Second, regardless of what is in federal code, a president can be negligent at levels equivalent to felony in the unwritten moral code of an elected leader’s obligation to his people. In that context Trump has already crossed the line.

If investigators find that Trump or his campaign organization colluded with Russia to sabotage American democracy, we will hear credible arguments that he should be impeached on grounds of treason. There may also come a point where the precedents he is setting by commingling his family and fortune with his obligations and privileges as president exceed what the Courts or Congress can tolerate. But Trump has already stepped into impeachable territory by giving carbon barons the right to profit by polluting the atmosphere without limit.
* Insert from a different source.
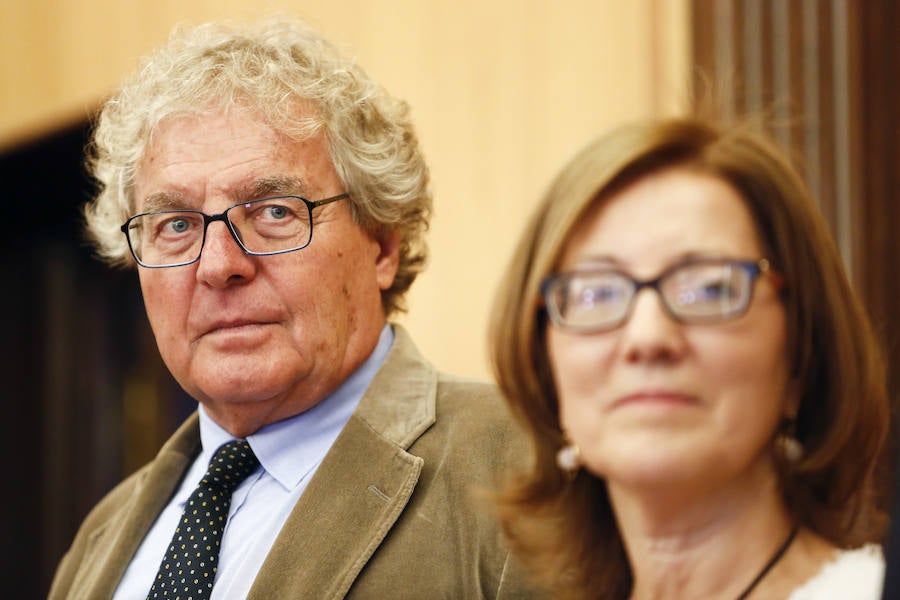 Fotos: Recepción en el Ayuntamiento de los galardonados con el Premio Mano Amiga 2018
As the Heritage Foundation’s Guide to the Constitution explains:

“A plausible reading supported by many scholars is that the grounds for impeachment can be not only the defined crimes of treason and bribery, but also other criminal or even noncriminal behavior amounting to a serious dereliction of duty.”

Thanks to Trump, it is now America’s official policy to discredit and defund climate science and to pretend despite all evidence to the contrary that climate change does not exist. His dereliction of duty is clear.

There is no provision in the Constitution that allows the American people to recall a president; only Congress can remove a president from office. The Republicans who control Congress now have two choices to keep faith with their own obligations to the American people, present and future. They can pass laws to override Trump and revive the government’s efforts to mitigate climate risks, or they can begin impeachment proceedings.

The Constitution obligates Congress to keep a president from abusing his or her power. If the Majority Party fails in that responsibility, it should be removed from office, too.